> **Assigned task**:
What are the lines, word for word, from the line with "The Honor Magic V2" up to and including the line with "The internal temperature" in the records below? Omit the pictures.

> **Exercise materials**:
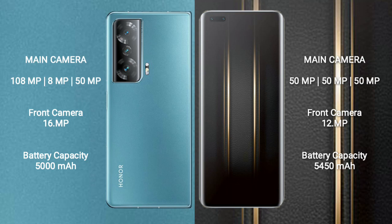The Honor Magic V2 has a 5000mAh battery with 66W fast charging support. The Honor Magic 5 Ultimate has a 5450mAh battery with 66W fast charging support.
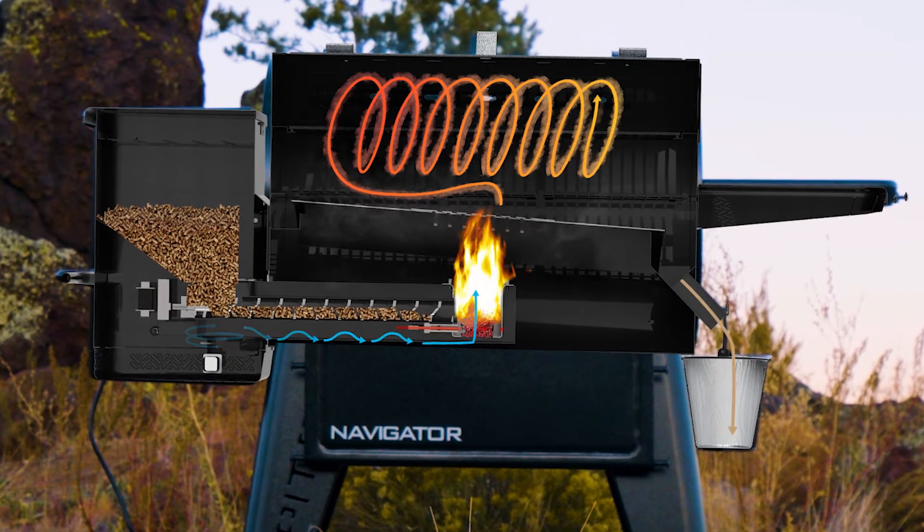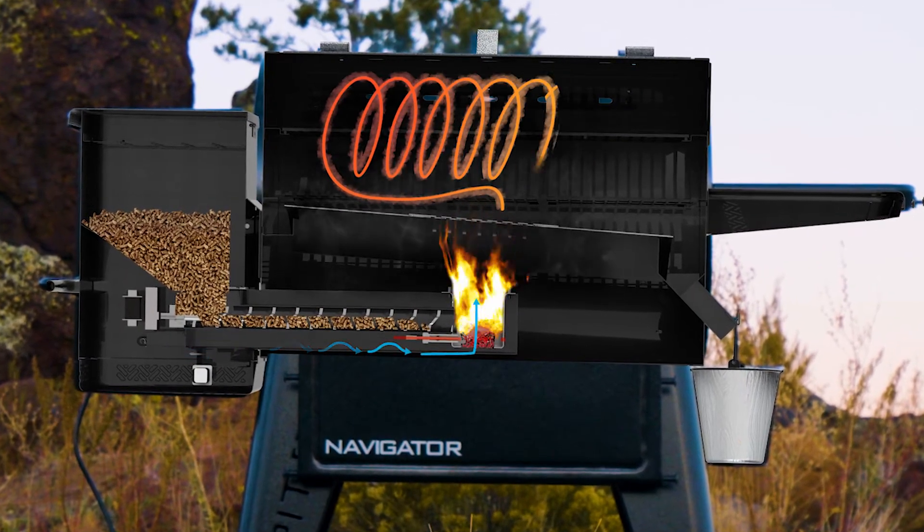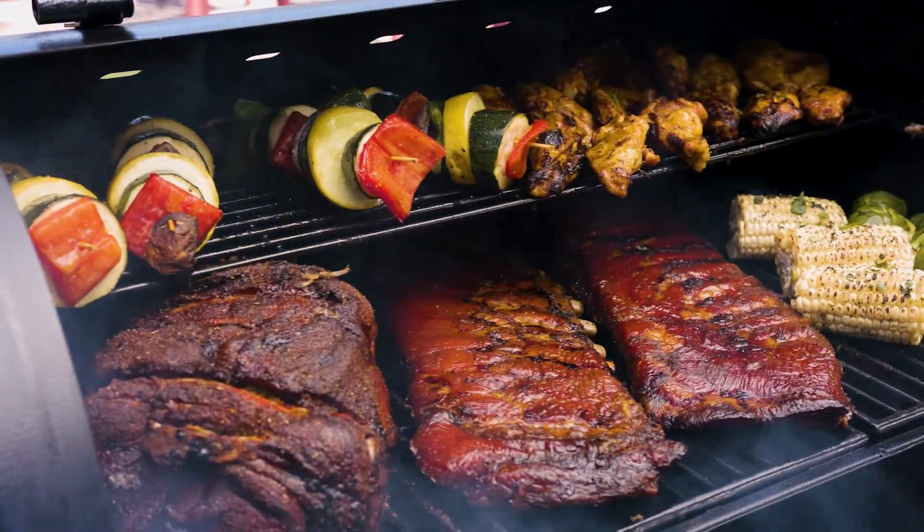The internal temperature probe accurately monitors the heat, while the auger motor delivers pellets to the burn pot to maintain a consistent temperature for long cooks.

* * *

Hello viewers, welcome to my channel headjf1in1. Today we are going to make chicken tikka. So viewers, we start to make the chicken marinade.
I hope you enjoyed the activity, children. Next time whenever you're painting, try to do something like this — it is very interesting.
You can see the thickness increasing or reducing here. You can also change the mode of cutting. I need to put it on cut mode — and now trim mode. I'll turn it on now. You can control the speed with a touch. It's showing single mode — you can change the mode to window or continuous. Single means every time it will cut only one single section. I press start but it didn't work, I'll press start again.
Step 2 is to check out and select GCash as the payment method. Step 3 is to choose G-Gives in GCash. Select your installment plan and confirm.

> **Response to this task**:
The Honor Magic V2 has a 5000mAh battery with 66W fast charging support. The Honor Magic 5 Ultimate has a 5450mAh battery with 66W fast charging support.
The internal temperature probe accurately monitors the heat, while the auger motor delivers pellets to the burn pot to maintain a consistent temperature for long cooks.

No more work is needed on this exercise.